Faces in the Crowd (2011)


With an increasingly multitudinous selection of films released every week, it takes something special to make a movie stand out from the rest. However, as with the aptly named Faces in the Crowd, many are just bland and indecipherable. This thriller starring Milla (Resident Evil (2002)) Jovovich was the debut feature from Oscar-nominated writer/director Julien Magnat – though going by this I wouldn’t hold my breath on him repeating that accolade anytime soon.

Life is perfect for Anna (Jovovich) until she accidentally witnesses a murder by a notorious serial killer terrorising the area where she lives. Attacked by the killer Anna survives only to be left with ‘face-blindness’ – meaning she cannot remember anyone’s face even if she turns away for a split second. This is unfortunate for her but convenient for the killer as she can’t remember what he looks like, meaning he could be anyone. And he’s just discovered she’s still alive ……

Faces in the Crowd must hold the record for the most producers (14 in all) ever. However even they can’t save it from Milla Jovovich’s limited acting abilities. The one-time supermodel was passable in historical adventure / dramas like The Three Musketeers 3D (2011) and Joan of Arc (1999) and Sci-Fi epics such as The Fifth Element (1997) where any shortcomings in the portrayal of emotion could be glossed over by costumes and effects. But given a contemporary (albeit farfetched) scenario and the Ukrainian beauty seems out of her depth. Unfortunately for Jovovich there is also the presence of the legendary Marianne Faithful (a woman known as much, if not better, for her singing and relationship with The Rolling Stones than her acting) who knocks the socks off the rest of the cast in the few scenes in which she appears.
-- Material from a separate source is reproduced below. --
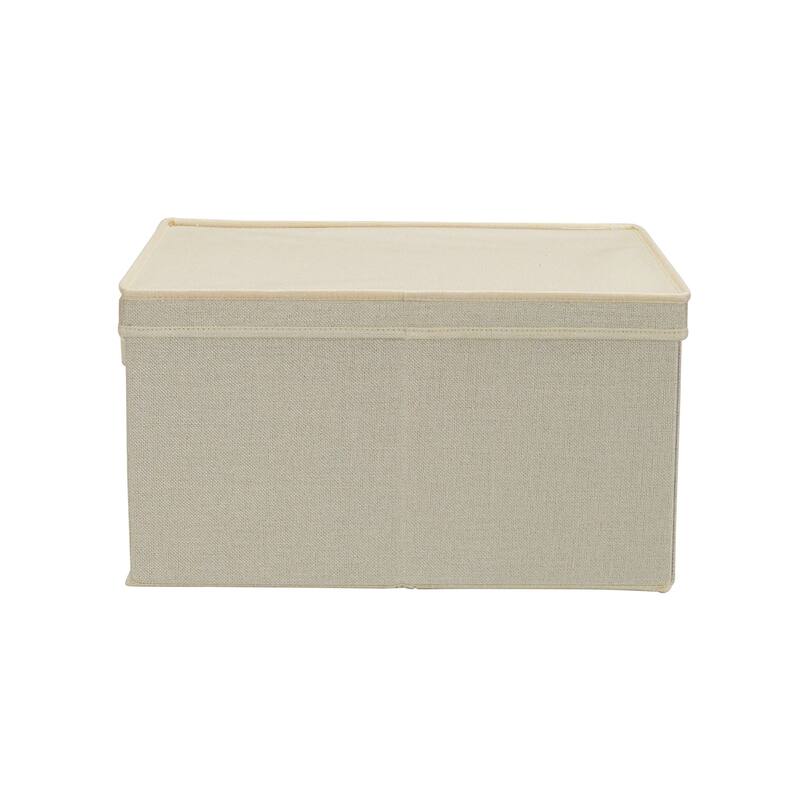Household Essentials Canvas Storage Bins with Removable Lid, Set of 2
The original 60’s ‘Rock Chick’ is mesmerising as Anna’s straight talking therapist, and could teach many aspiring thespians (Jovovich included) a lesson in the art of less is more.

Faithful aside the film’s only other saving grace is its moody look, particularly during the climatic confrontation with the killer on a rain swept bridge clearly influenced by Italian ‘Master of Shocks’ Dario Argento, complete with torn tarpaulins and slashing knives. In fact if Argento had been at the helm, this exercise in blandness may have stood more chance of standing out from the crowd.